Your assignment
Could you output each line below precisely as it stands, without the images?

Image-caption web data:

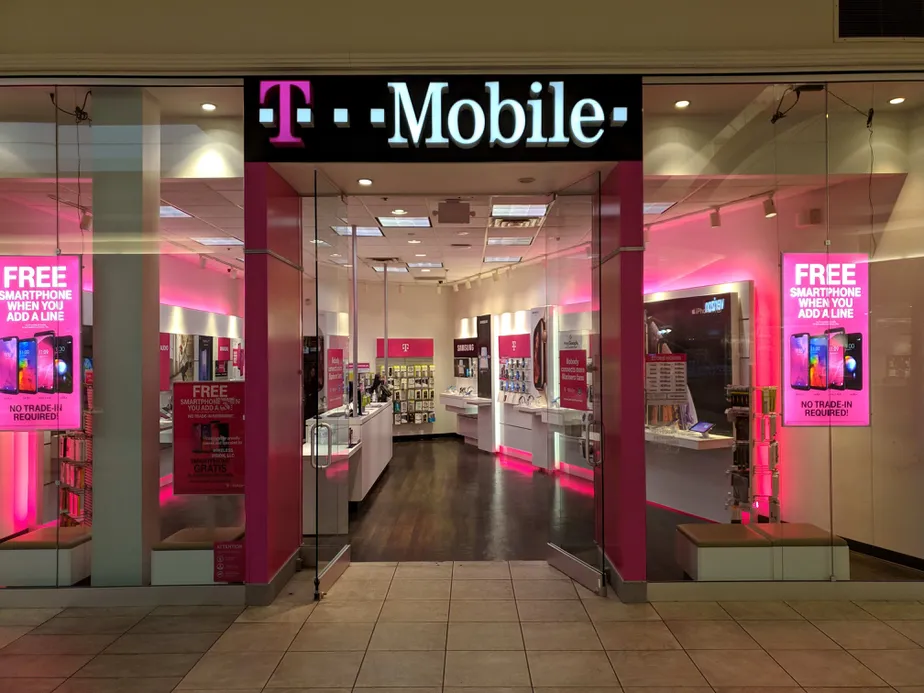 Foto del exterior de la tienda T-Mobile en South Hill Mall 3, Puyallup, WA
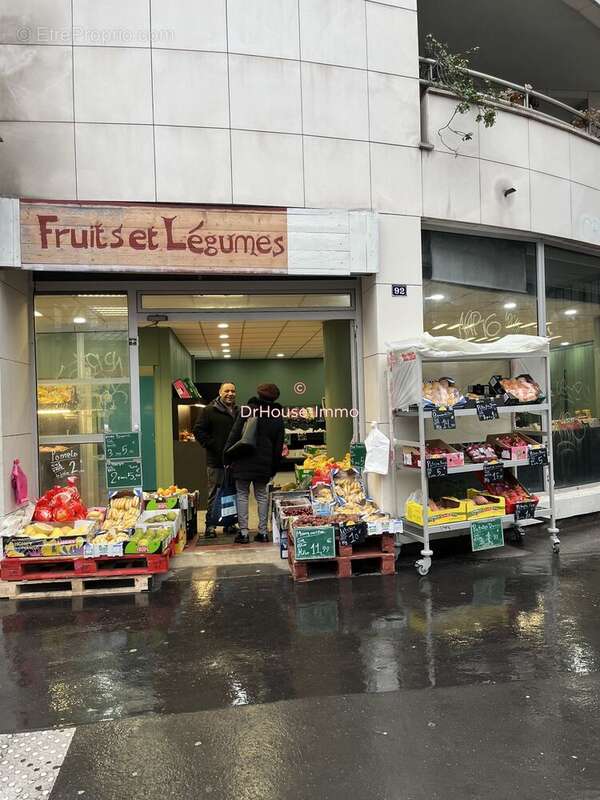 Commerce à PARIS-19E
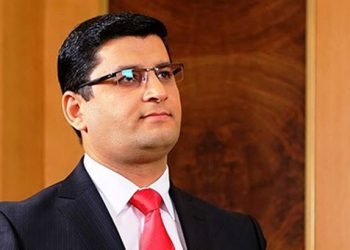 ھیڤیدار ئەحمەد ھوورکاتیێن دانوستاندنێن ھەولێر و بەغدا ئاشکرا کرن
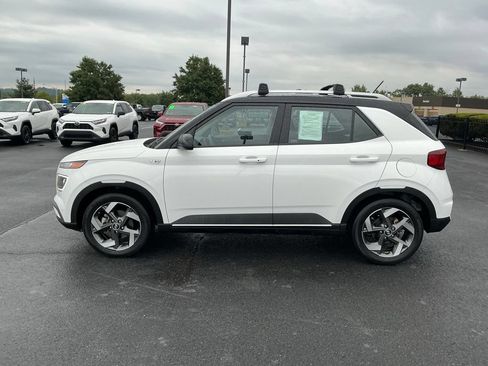 Certified 2023 Hyundai Venue Limited FWD image 12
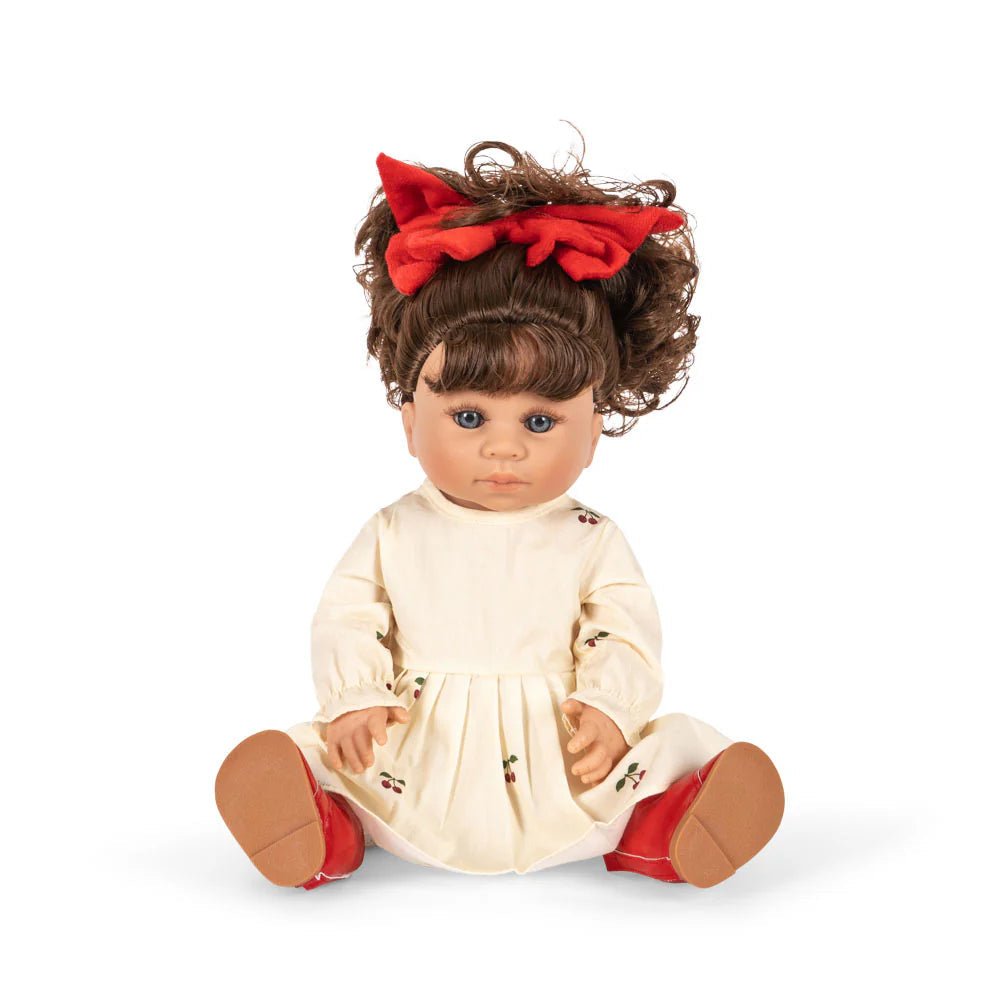 Konges Sløjd Odette Puppe 42cm mit Kirschkleid und langen Haaren - Little Baby Pocket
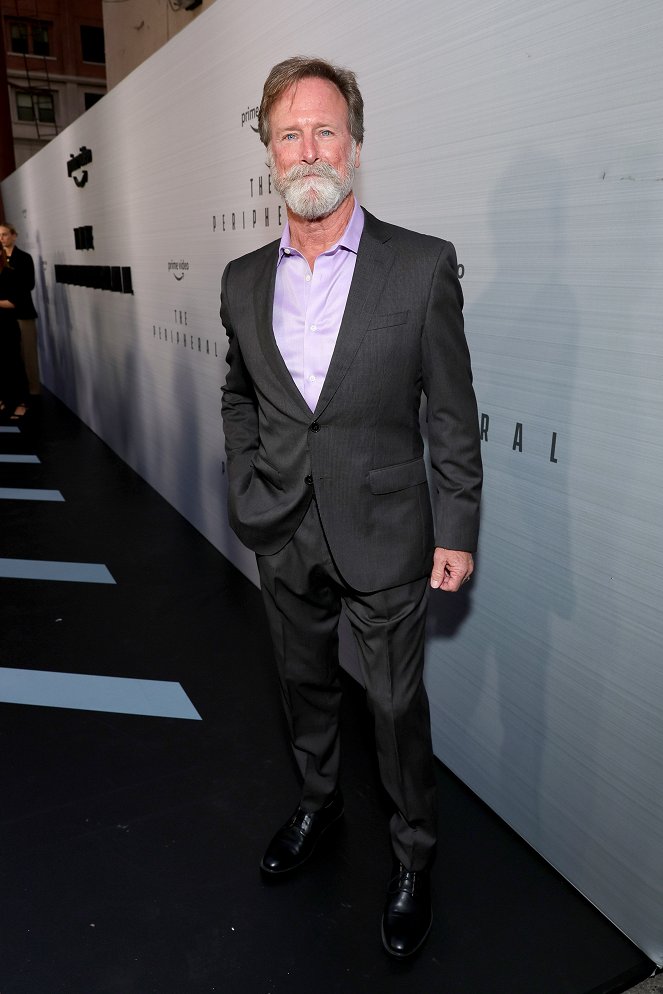 Peryferal - Season 1 - Z imprez - The Peripheral red carpet premiere and screening at The Theatre at Ace Hotel on October 11, 2022 in Los Angeles, California - Louis Herthum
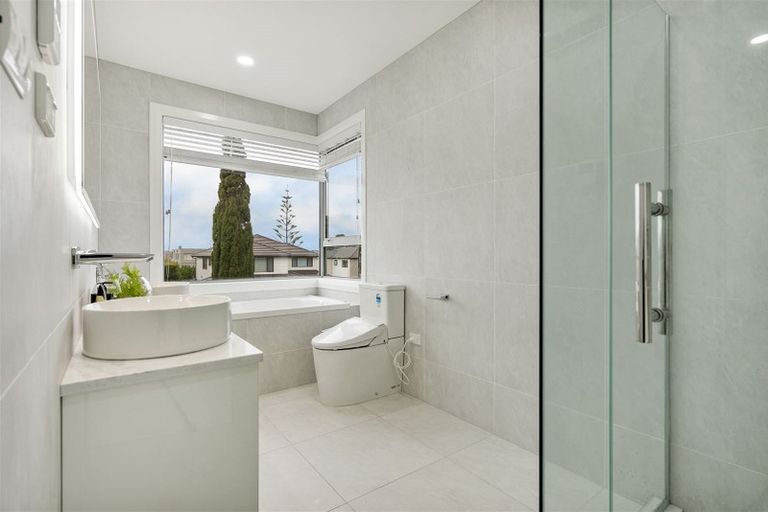 Photo of property in 11 Gulf Crest, Bucklands Beach, Auckland, 2012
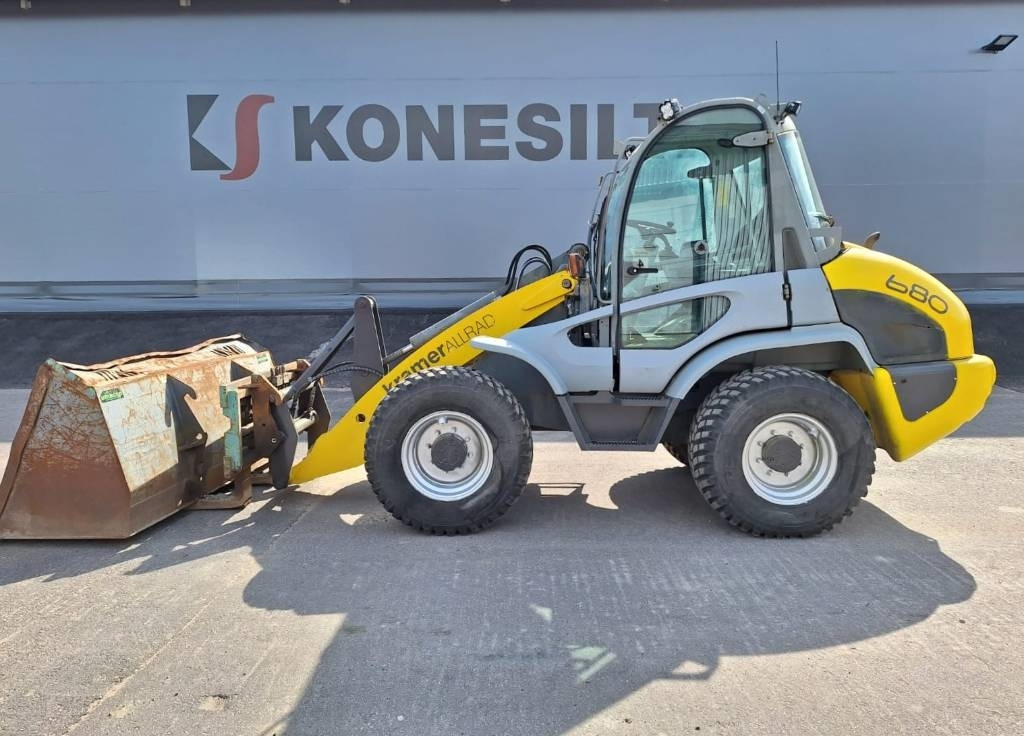 Kramer 680 ecospeed KAUHA, PIIKIT, NOSTOPUOMI - Gumikerekes homlokrakodó: 1 kép. Kramer 680 ecospeed KAUHA, PIIKIT, NOSTOPUOMI - Gumikerekes homlokrakodó: 1 kép.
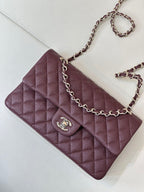CLASSIC FLAP 25CM BURGUNDY CAVIAR LIGHT GOLD HARDWARE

Solution to this problem
 Foto del exterior de la tienda T-Mobile en South Hill Mall 3, Puyallup, WA
 Commerce à PARIS-19E
 ھیڤیدار ئەحمەد ھوورکاتیێن دانوستاندنێن ھەولێر و بەغدا ئاشکرا کرن
 Certified 2023 Hyundai Venue Limited FWD image 12
 Konges Sløjd Odette Puppe 42cm mit Kirschkleid und langen Haaren - Little Baby Pocket
 Peryferal - Season 1 - Z imprez - The Peripheral red carpet premiere and screening at The Theatre at Ace Hotel on October 11, 2022 in Los Angeles, California - Louis Herthum
 Photo of property in 11 Gulf Crest, Bucklands Beach, Auckland, 2012
 Kramer 680 ecospeed KAUHA, PIIKIT, NOSTOPUOMI - Gumikerekes homlokrakodó: 1 kép. Kramer 680 ecospeed KAUHA, PIIKIT, NOSTOPUOMI - Gumikerekes homlokrakodó: 1 kép.
CLASSIC FLAP 25CM BURGUNDY CAVIAR LIGHT GOLD HARDWARE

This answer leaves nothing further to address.